Dans la chanson Chacun sa dulcinée, il confirme et chante sur un ton aphoristique : «Malheur à qui peut préférer le verbe être au verbe avoir, je sais son désespoir». En un peu plus de dix ans, la carrière de Brel le chanteur, compositeur-interprète est bouclée par une tournée d’adieux sur plusieurs scènes à travers le monde. Voir Brel sur scène était déjà un spectacle en soi tant l’artiste vivait, mimait et suait les chansons qu’il présentait. Sa longue et frêle silhouette toute de noir vêtue et contorsionnée conférait à ses prestations une dimension magiquement théâtrale.

Le peu d’images d’archives en noir et blanc que l’on passe en boucle, sur nombre de télés à travers le monde, témoigne de cette présence rare et quasi spectrale. Son talent d’acteur a vite fait d’attirer l’attention de quelques cinéastes qui lui ont proposé des rôles pas toujours à la hauteur de ses capacités artistiques. Désireux de toucher à tout, il réalisera lui-même, pour le plaisir, deux films sans prétention au début des années 70, Franz et Le Far-West, qui n’eurent pas un gros succès. Mais il n’en conçut aucun dépit, fidèle à sa façon de penser les choses de la vie et d’appréhender celles de la création : «Il faudrait arriver à n’avoir que des tentations nobles. Et à ce moment-là, il est urgent d’y succomber.

Même si c’est dangereux. Même si c’est impossible. Surtout si c’est impossible.» D’où, peut-être, la réalisation de son œuvre la plus spectaculaire, L’Homme de la Mancha, une comédie musicale adaptée de Don Quichotte de Cervantès. Une des chansons de cette belle comédie, La quête, en donne le ton dès le début : Rêver un impossible rêve/ Porter le chagrin du départ/ Brûler d’une impossible fièvre/ Partir où personne ne part.» Il est de plus en plus rare, comme on vient de le remarquer, de faire coïncider en les citant, les paroles d’un chanteur avec ses propos, ses entretiens avec la presse et son comportement dans la vie. Seul Brel a su faire de sa vie une œuvre : son œuvre.

Jusqu’au bout des îles Marquises, après avoir fait le tour du monde en bateau et en solitaire lorsqu’ il a su que la maladie et la mort le guettaient. Il finira sa vie dans une petite île du bout du monde, Hiva Oa, où il sera enterré à quelques mètres de la tombe du peintre Paul Gauguin. Faut-il rappeler – pour faire dans la chronique de proximité – que lors des ses adieux à la scène et à la chanson, en novembre 1966, et après l’Olympia et la Belgique, Brel avait entrepris une tournée mondiale qui l’avait conduit au Maroc à la fin du même mois.
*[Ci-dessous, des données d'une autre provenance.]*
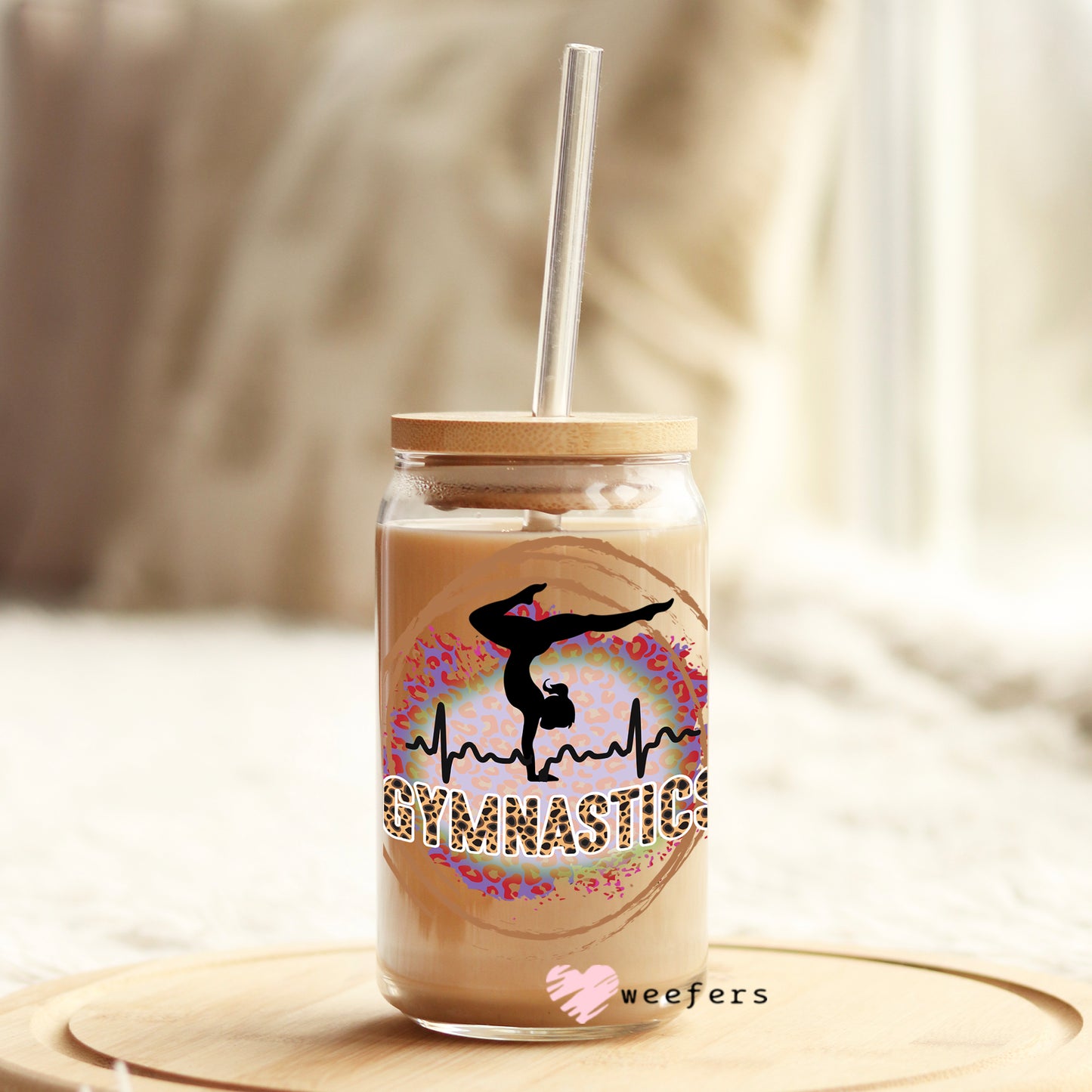 Gymnastics 16oz Libbey Glass Can UV DTF or Sublimation Wrap - Decal - Weefers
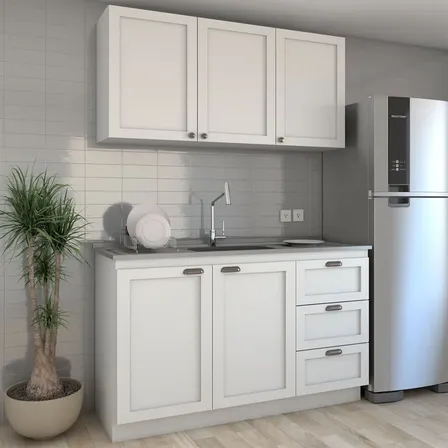 Cozinha Compacta Essenza Pia 5 Portas Branco Fosco - Pm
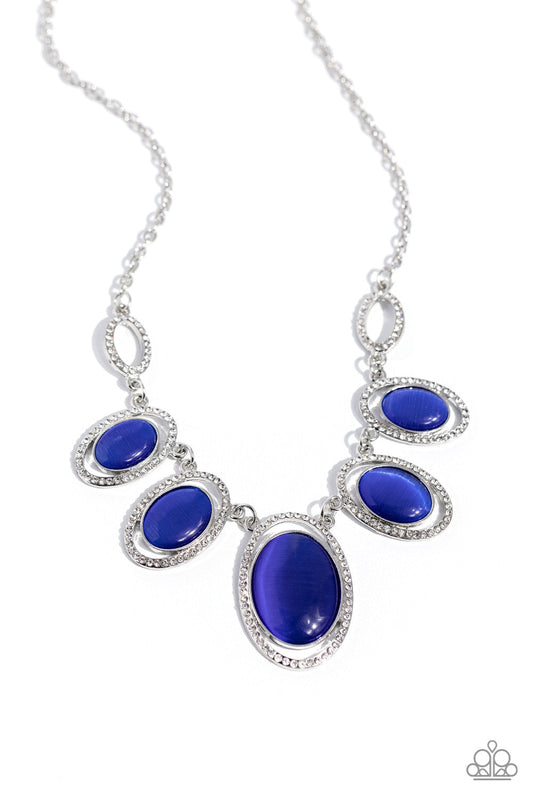 A BEAM Come True - Blue Cat's Eye Stones/White Rhinestone Frames Paparazzi Necklace & matching earrings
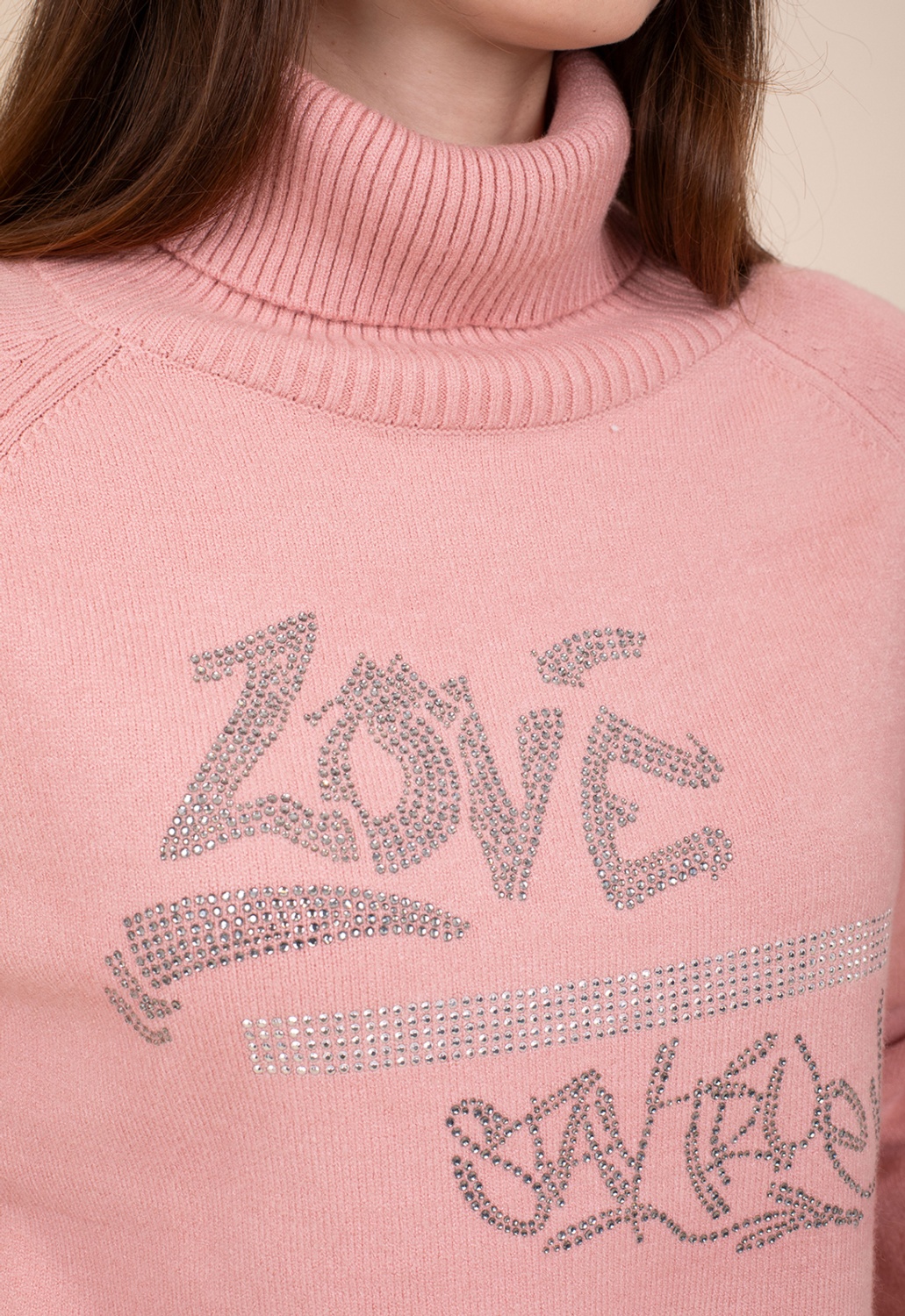 Pink Turtleneck Sweater 1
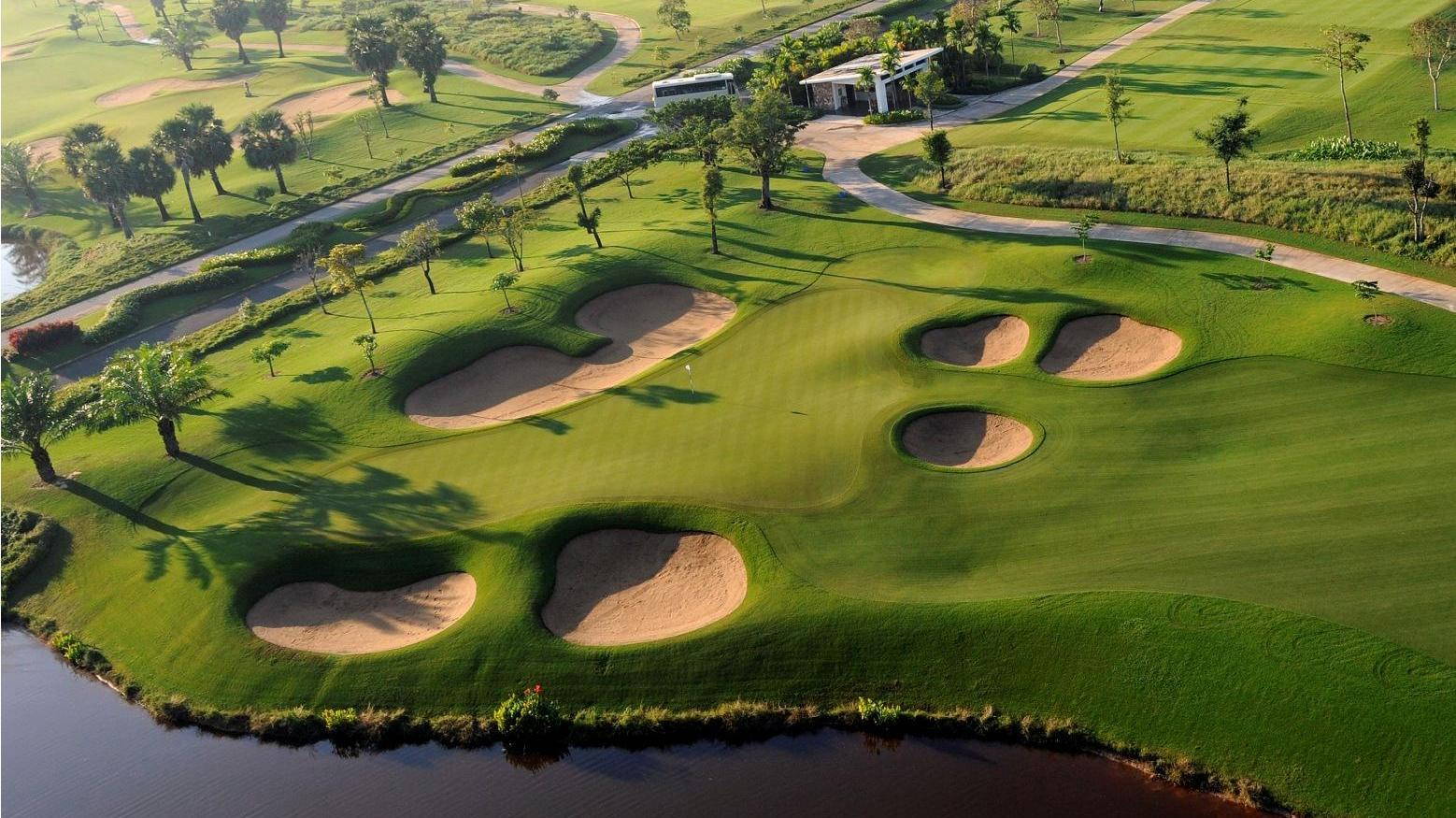 Green, Bunker, Aerial View, Angkor Golf Resort, Siem Reap, Cambodia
Qu’a-t-on gardé comme traces de ce passage où il avait chanté, notamment, à Rabat, à la salle du cinéma Agdal, aujourd’hui disparue comme bien d’autres lieux de mémoire ? Quelques rares photos jaunies et surtout, mais seulement, un document sonore et quelques images de l’entretien qu’il avait eu avec le regretté journaliste Larbi Eskalli. «Il y a deux sortes de temps, disait Brel, il y a le temps qui attend et le temps qui espère.» Ce temps qui espère est, peut-être, le temps de la mémoire qui lutte contre la médiocrité qui menace et l’oubli qui efface.